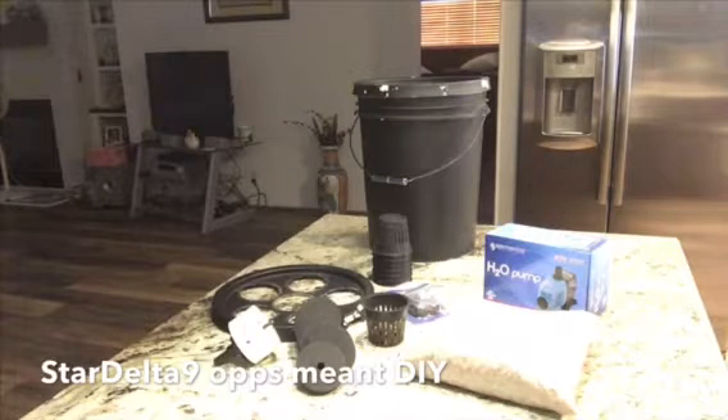The secret to aeroponics, in my opinion, lies in the increased oxygen availability to the roots due to the lack of root zone medium. There are many pros and cons. Some of the pros are quick, vigorous growth; you can do lots of cuttings; and it's mobile — you can move it rather easily from spot to spot.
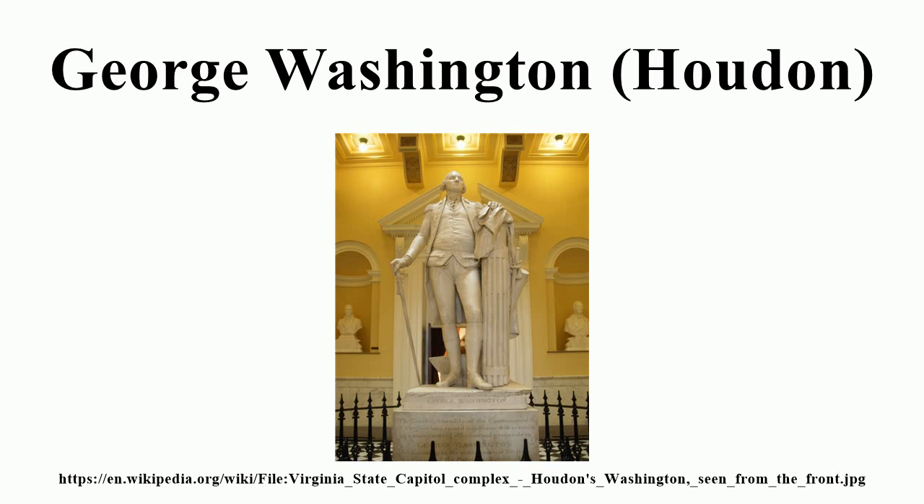In the early 21st century, the statue, together with the life mask and bust created by Houdon during the design process, were used as part of a forensic reconstruction of George Washington at various ages undertaken by Mount Vernon.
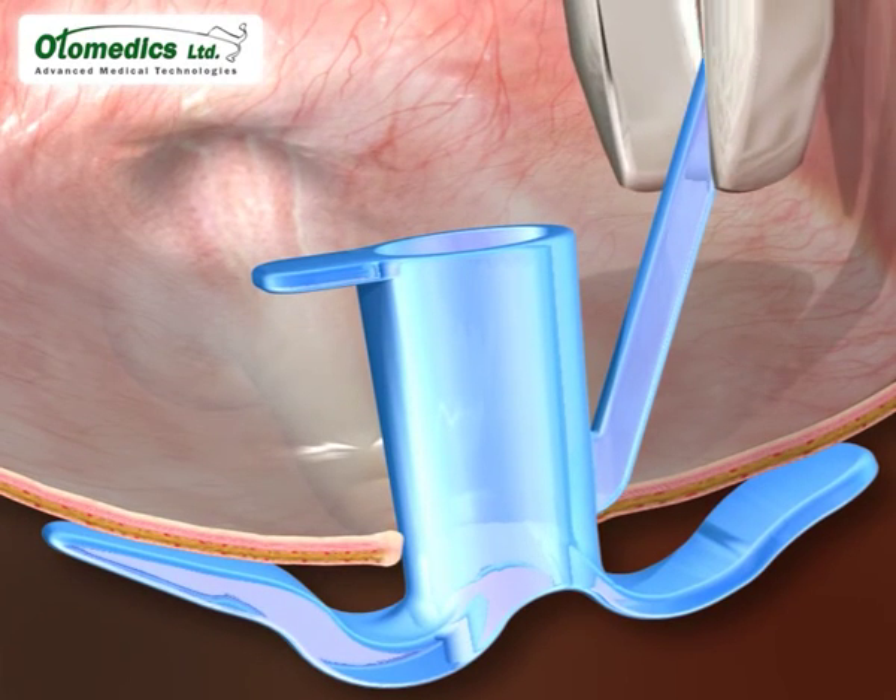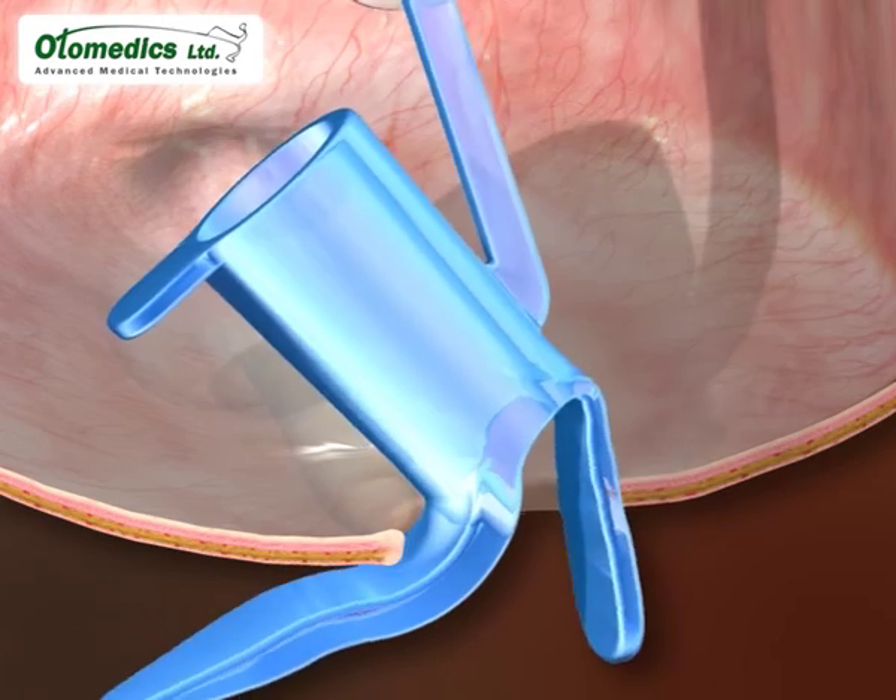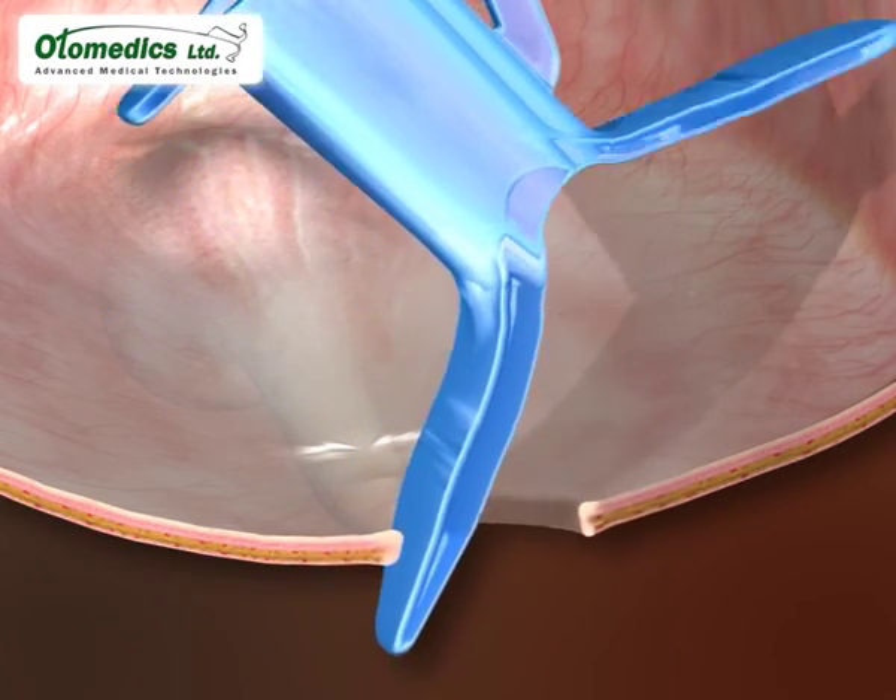When the tube has to be removed, the extraction handle is pulled gently, activating the collapse mechanism, and the tube comes out easily.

» Task prompt
Leave the pictures out, and please copy only the lines from the one with "In the early" through the end of the listing.

» Finished task
In the early 21st century, the statue, together with the life mask and bust created by Houdon during the design process, were used as part of a forensic reconstruction of George Washington at various ages undertaken by Mount Vernon.
When the tube has to be removed, the extraction handle is pulled gently, activating the collapse mechanism, and the tube comes out easily.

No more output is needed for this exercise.